(Crawled caption data)

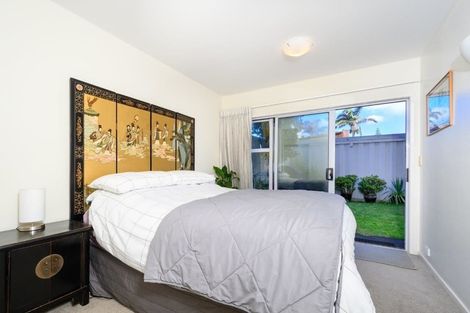 Photo of property in Seaview Apartments, 3/64 Milford Road, Milford, Auckland, 0620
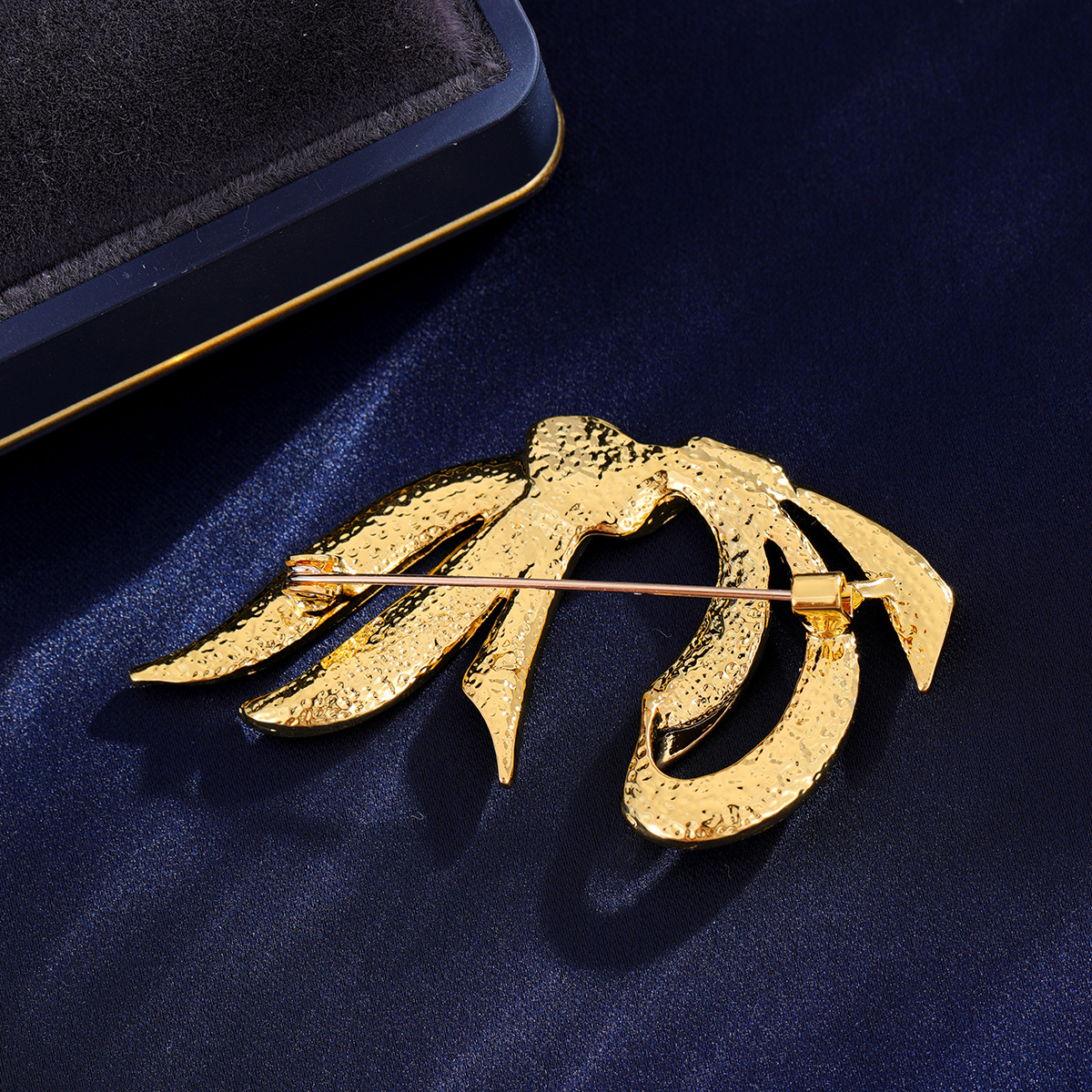 14g Weight Brooches Classification Alloy Material Bow Knot Pattern Sweet Pin Bow Knot Alloy Plating Unisex Brooches 2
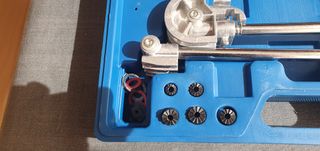 kit completo de abocardado y ensanchado de tubos.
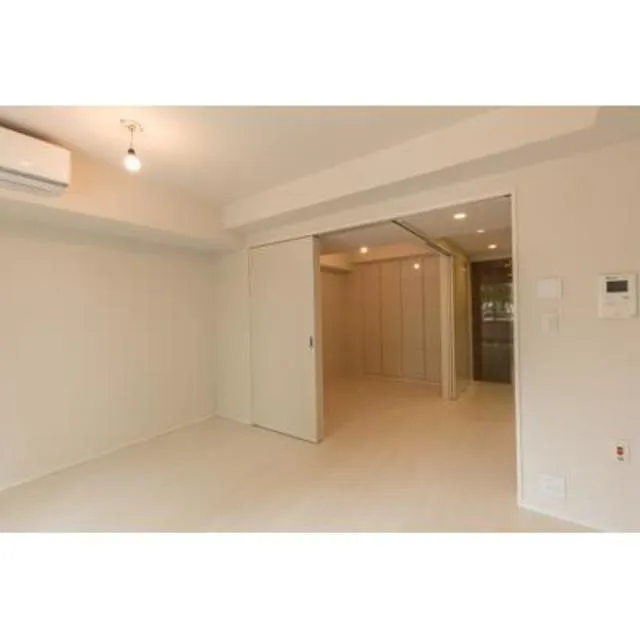 Park Luxe Mishuku - Interior - ["Property", "Ceiling", "Room"]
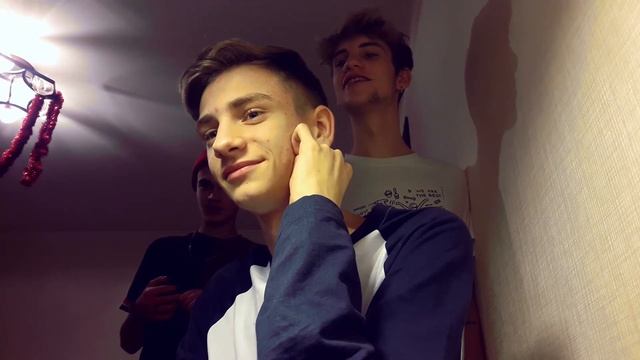 РЕАКЦИЯ БРАТА НА МОЙ "СЛОМАННЫЙ ПАЛЕЦ" / РЕАКЦИЯ ДРУГА #дсд #yunaz смотреть онлайн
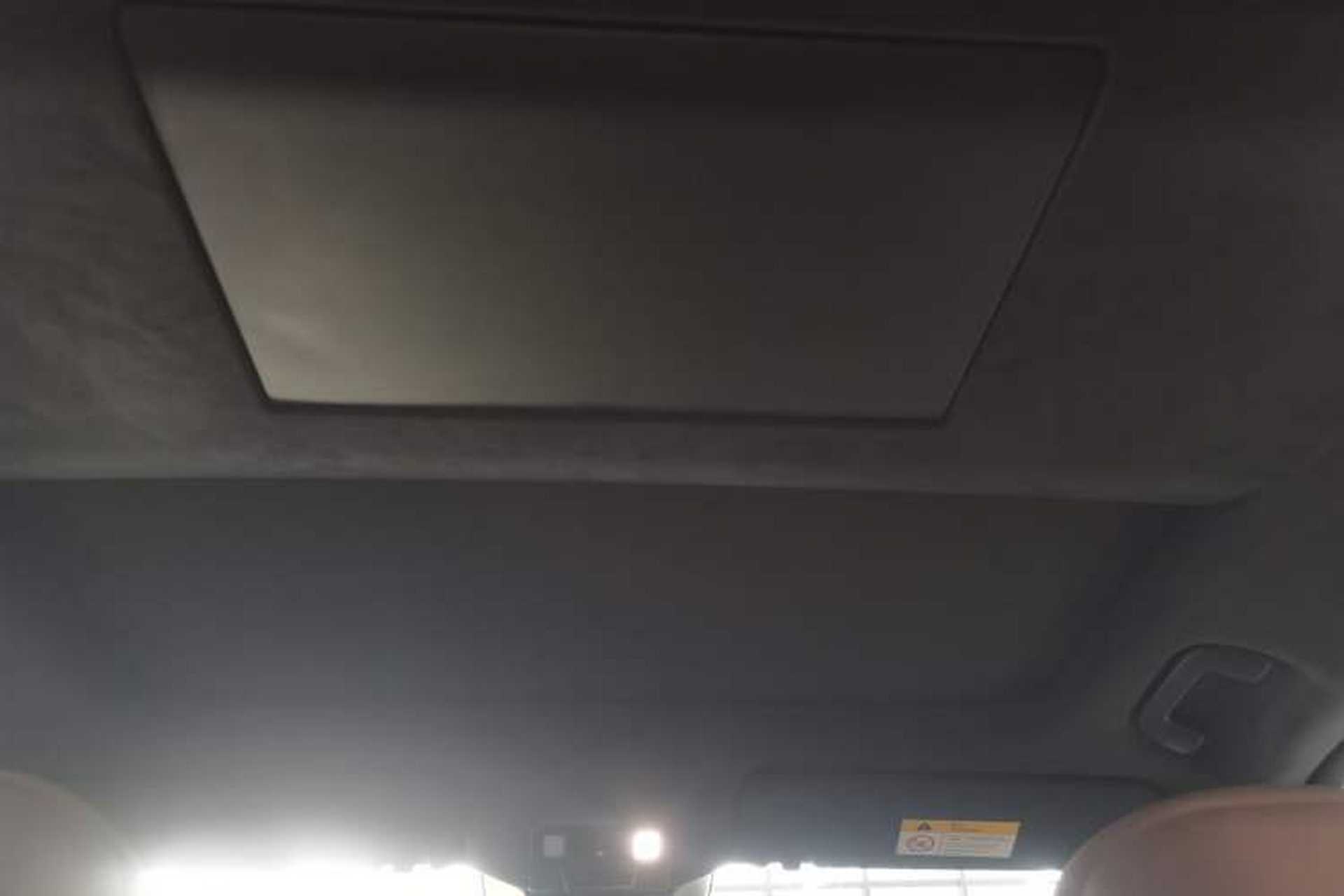Used ONVO Luxeed L90 2025 Model—Ultra Six-Seater Version Headliner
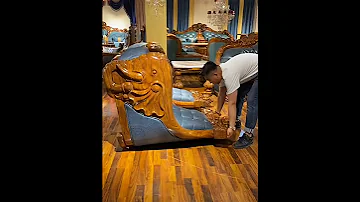 Beautiful China Sofa 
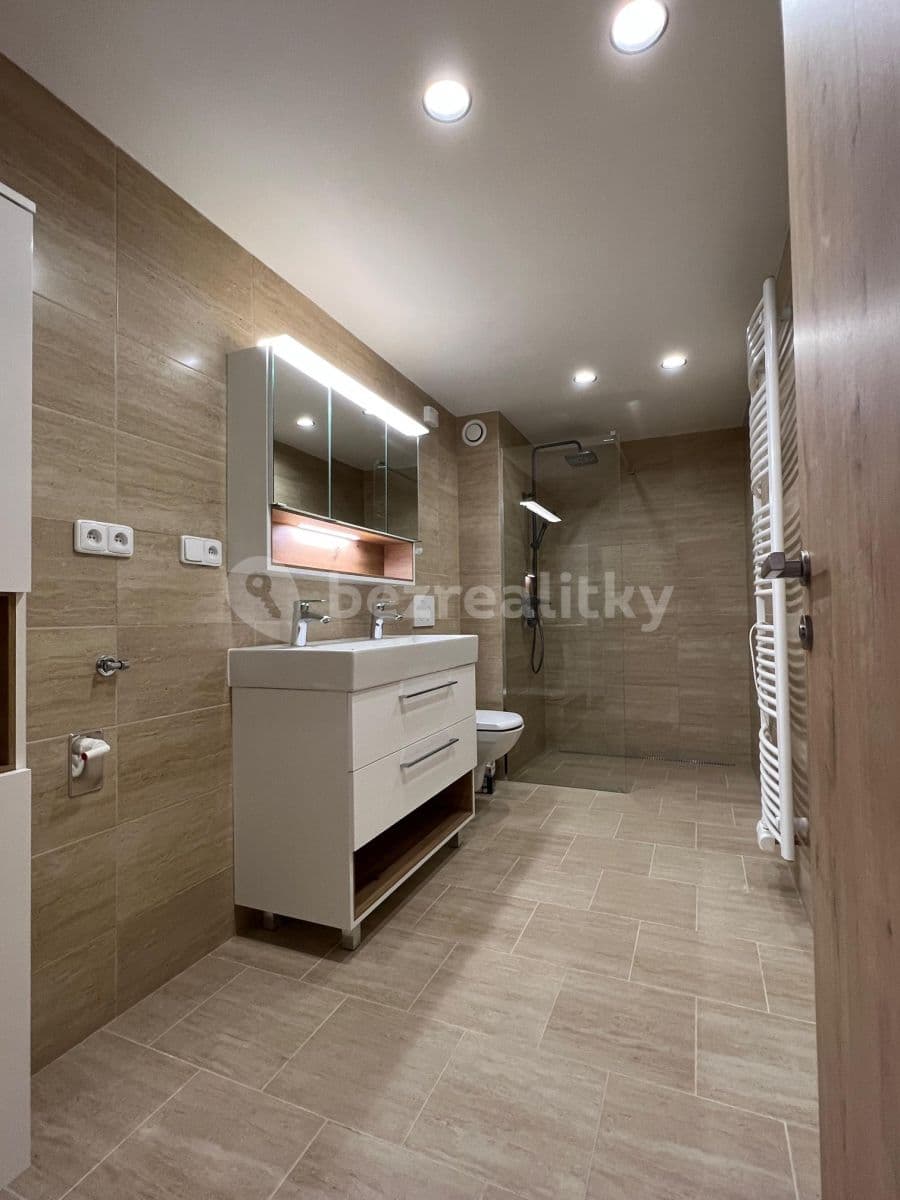 Prenájom bytu 2-izbový 67 m², Hálkova, Humpolec, Kraj Vysočina Prenájom bytu 2-izbový 67 m², Hálkova, Humpolec, Kraj Vysočina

> **YOUR INSTRUCTIONS**: Only the lines from the line with "РЕАКЦИЯ БРАТА НА" to the end of the records should be repeated, exactly and without pictures.

> **ANSWER TO THE EXERCISE**:
 РЕАКЦИЯ БРАТА НА МОЙ "СЛОМАННЫЙ ПАЛЕЦ" / РЕАКЦИЯ ДРУГА #дсд #yunaz смотреть онлайн
Used ONVO Luxeed L90 2025 Model—Ultra Six-Seater Version Headliner
 Beautiful China Sofa 
 Prenájom bytu 2-izbový 67 m², Hálkova, Humpolec, Kraj Vysočina Prenájom bytu 2-izbový 67 m², Hálkova, Humpolec, Kraj Vysočina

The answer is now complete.